Above all, make sure you remember why you’re celebrating this Season! Regardless of your beliefs, this upcoming Season is magical. Choose happiness and joy, choose peace and contentment. Remember that NO ONE is perfect. There is NO SUCH THING as a perfect holiday.

I welcome your advice, recommendations, memories, and even the things you’re planning on doing!

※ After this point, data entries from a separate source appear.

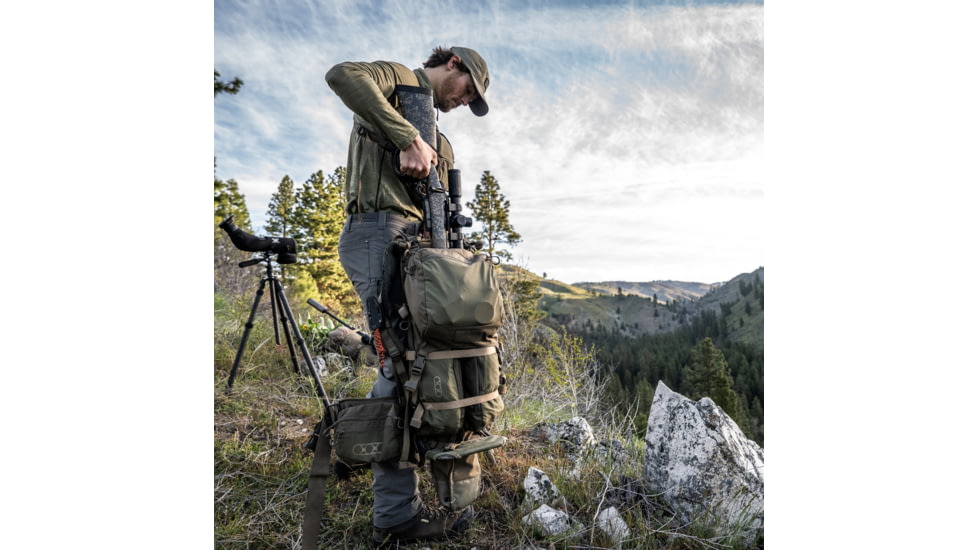 Eberlestock Batwing V2 Pouch, Military Green, A6SBMJ- V2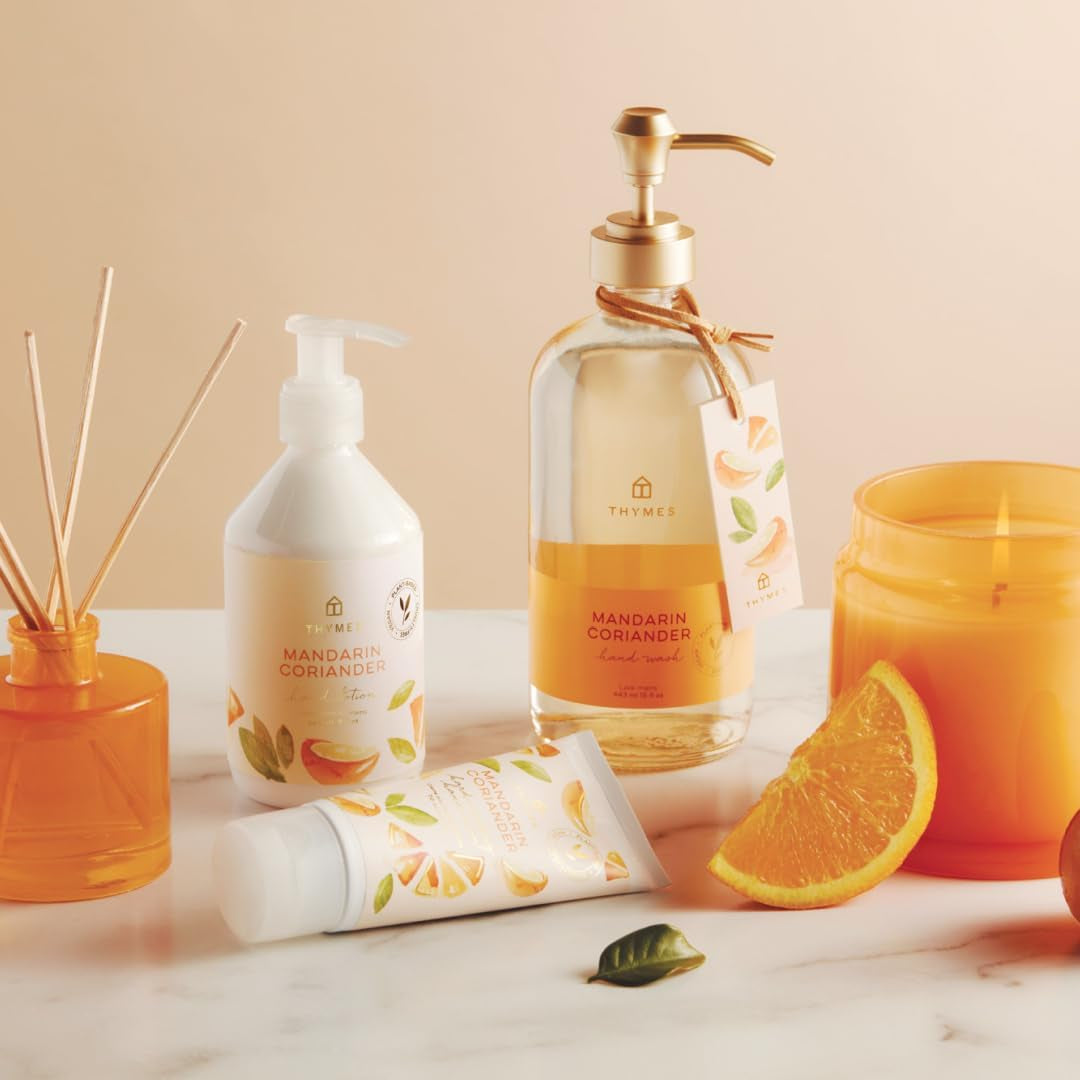 Petite Reed Diffuser - 4 Fl Oz - Mandarin Coriander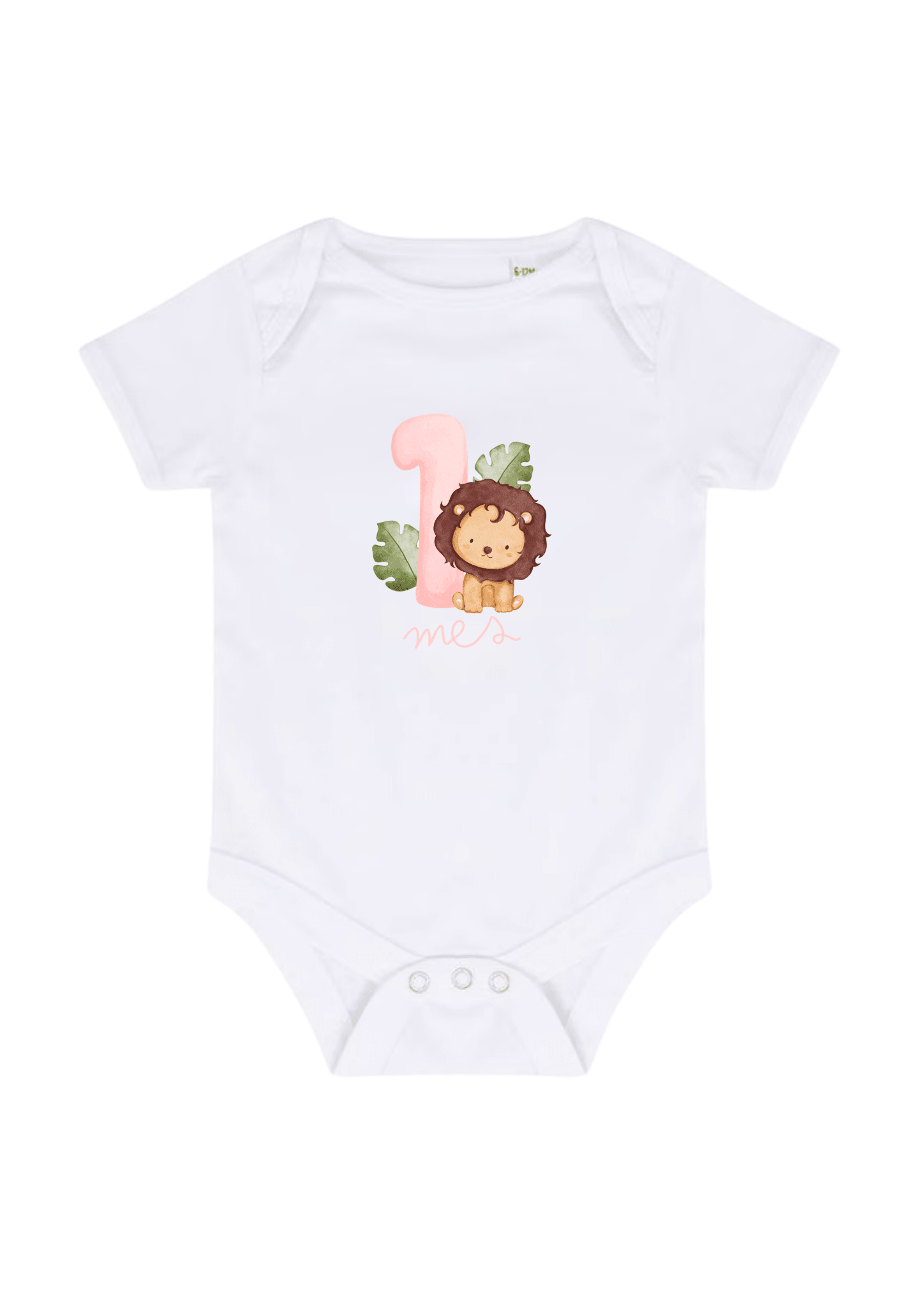Pack 12 Bodies Cumplemes Bebé | Bodies Mes a Mes para Fotos del Primer Año - LA FLAMA ESTUDI | Bordados personalizados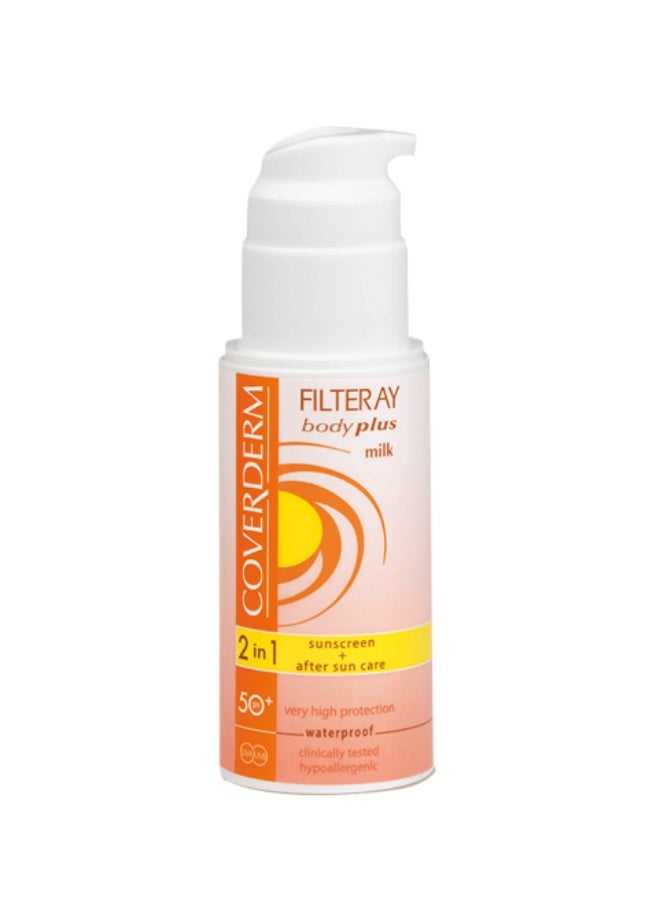 Coverderm - Filteray Body+ Milk Spf 50+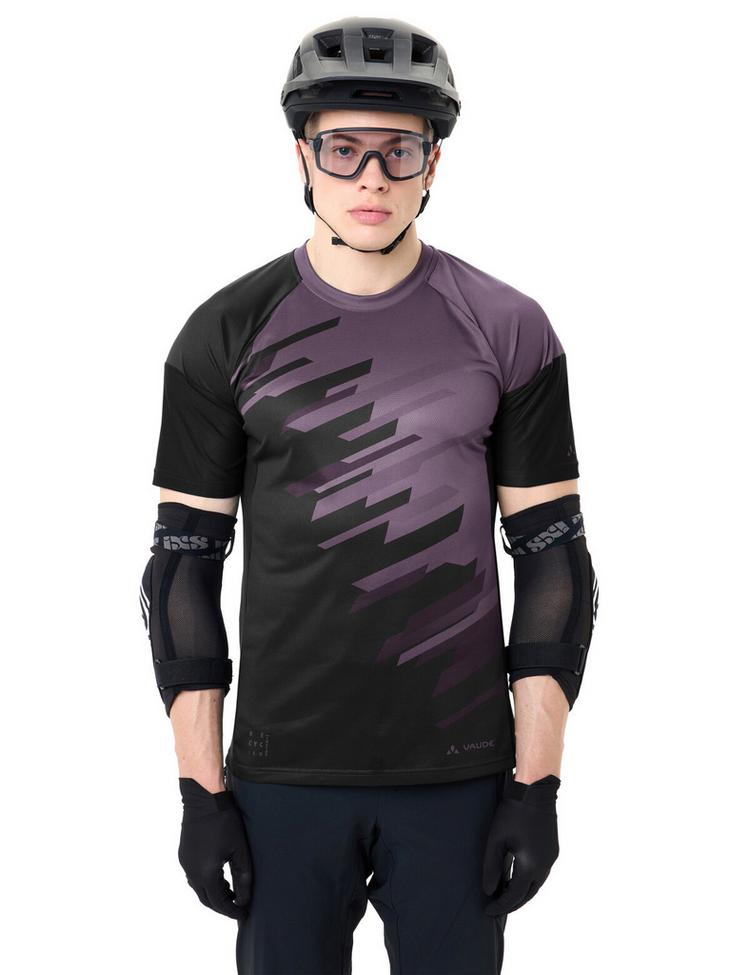 VAUDE VAUDE Men's Moab T-Shirt VI T-Shirt Herren - purple ash - 2 | SportScheck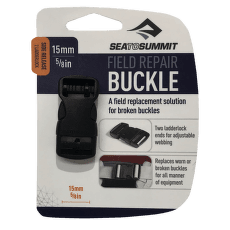 Pracka Sea to Summit Buckle side release 15 mm Black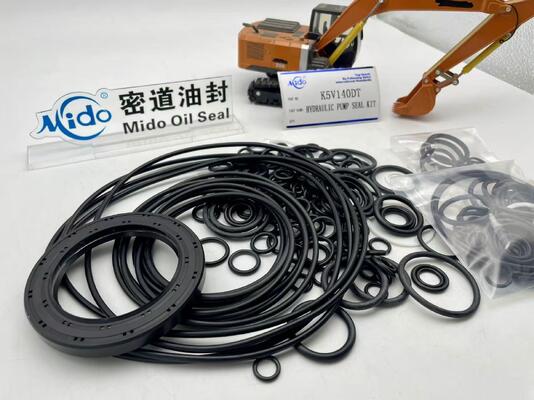 K5V140DT Hydraulikpumpe und Zylinderdichtungssatz – komplette Bagger-Reparatursätze für leckagefreie Präzisionspassung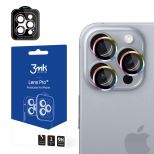 Szkło hartowane na obiektyw aparatu do Apple iPhone 16 Pro - 3mk Lens Protection Pro
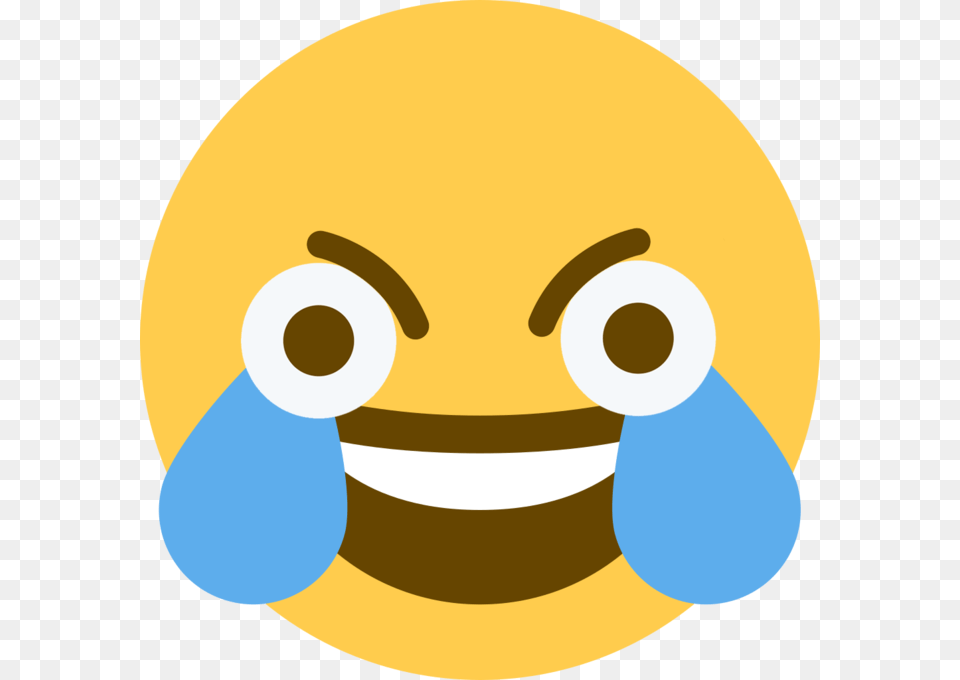 Open Eye Crying Laughing Discord Emoji Crying Laughing Emoji, Plush, Toy Png Image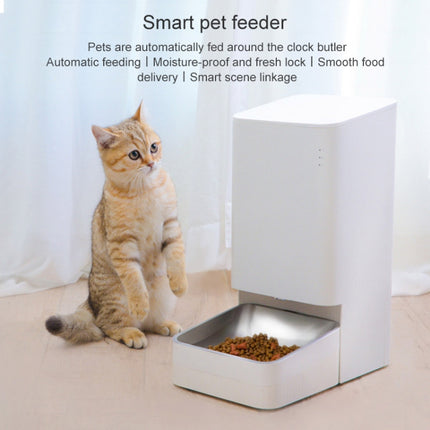 Xiaomi Mijia Smart Pet Automatic Feeder, Capacity: 3.6L(US Plug)-garmade.com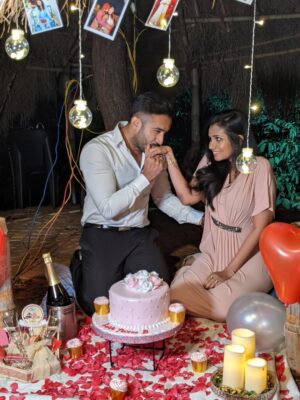 Nitya saxena Instagram - The woman who holds me together!
Woman who doesn’t let me fall!!
Woman who’s always there to cheer me up!
Woman who taught what sacrifice & what love is…
@nitya.saxena1186 
Tq is a very small word fr what all u have sacrificed & done to our family🙏 May u continue to stay Beautiful & Graceful Jaan! Wishing u a great Birthday ❤️❤️❤️

-Viya & Ravi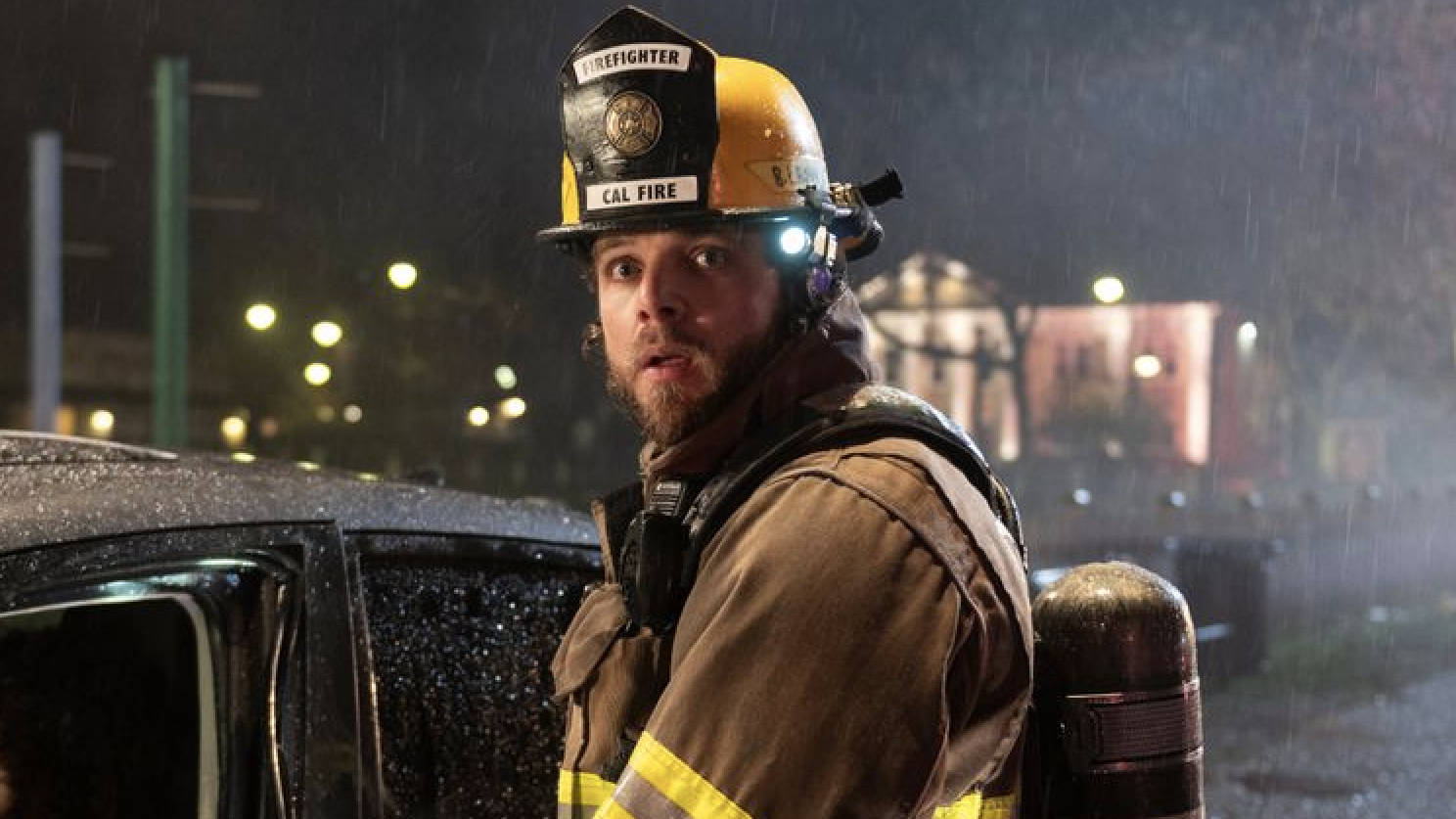 Max Thieriot as Bode Leone on Fire Country.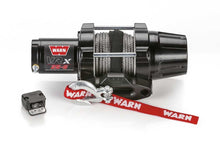 Load image into Gallery viewer, WARN 101020 VRX 25-S Winch 2500lb Synthetic Rope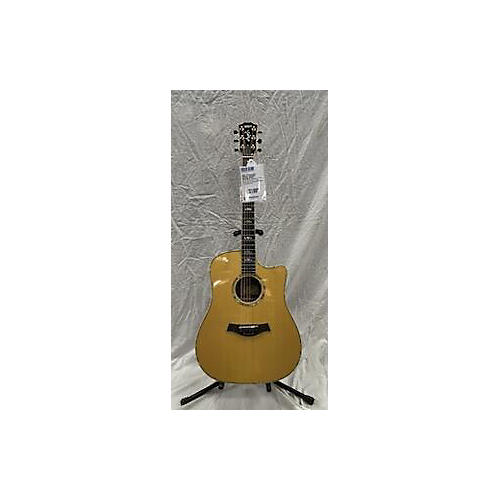 Taylor 910CE Acoustic Electric Guitar Natural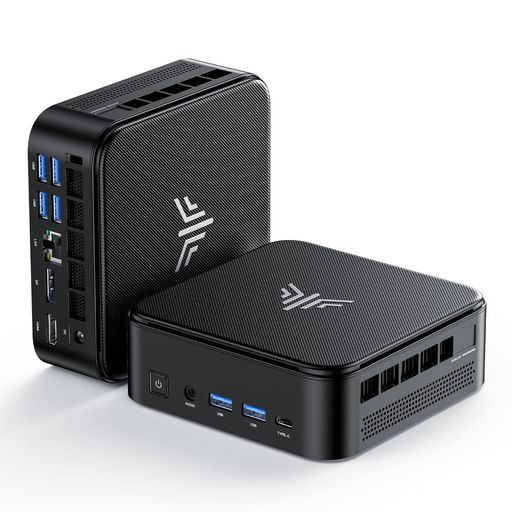 NiPoGi mini pc AMD Ryzen 5 7430U 6C/12T 4.30GHz 16GB RAM+512GB SSD Type-C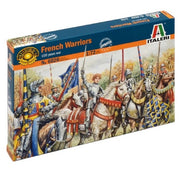 Italeri 6026 1/72 Fig French Warriors 100 years war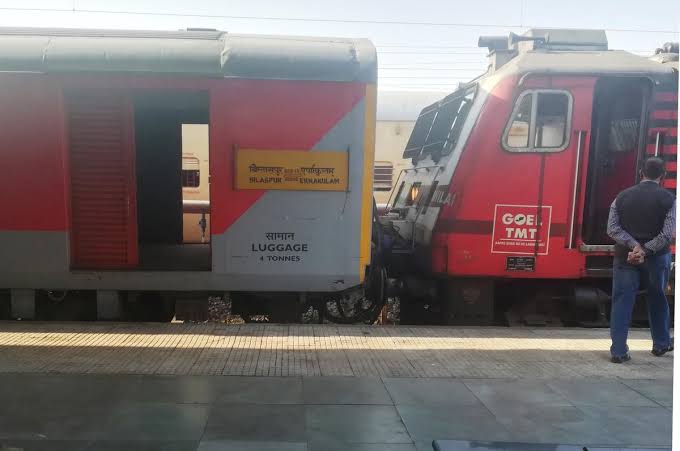 बिलासपुर – एर्णाकूलम एक्सप्रेस परिवर्तित मार्ग से चलेगी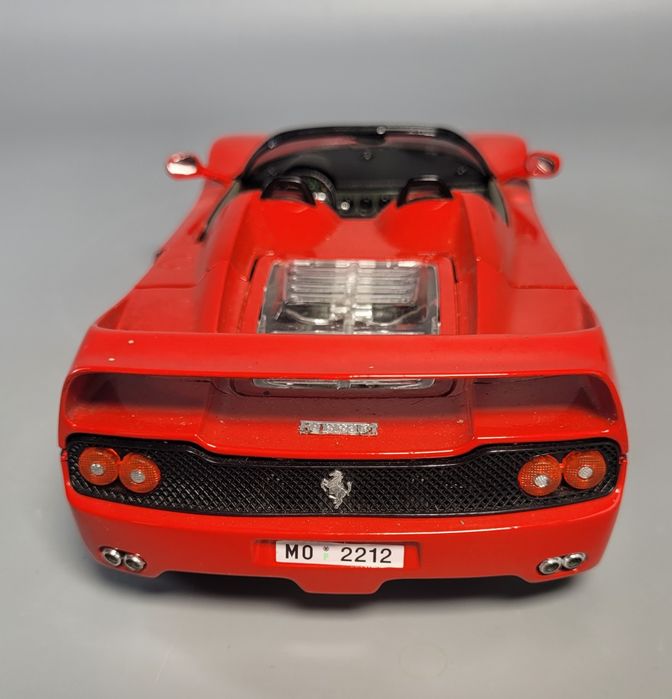 Ferrari F50 model Bburago 1:18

PS– that Advent Calendar? Hasn’t happened yet…we ran into a crazy smoking deal of 60 pounds of apples for only $30, so I’ve been putting up applesauce, peaches and salsa for the last few weeks. If this mild weather continues in Colorado, I’ll get a third batch of salsa out of my tomato plants!

1 comment:

Kat said...

Thanks for the organizing tips and most importantly, the reminder that no one is perfect and there is no such thing as a perfect holiday. So much of my holiday stress is self-imposed. Who cares if everything looks and tastes perfect if Momma is stressed out and barking at her Hubby and kids? This year, I'm focusing and seeking Peace instead of Perfection. Thanks for the great post!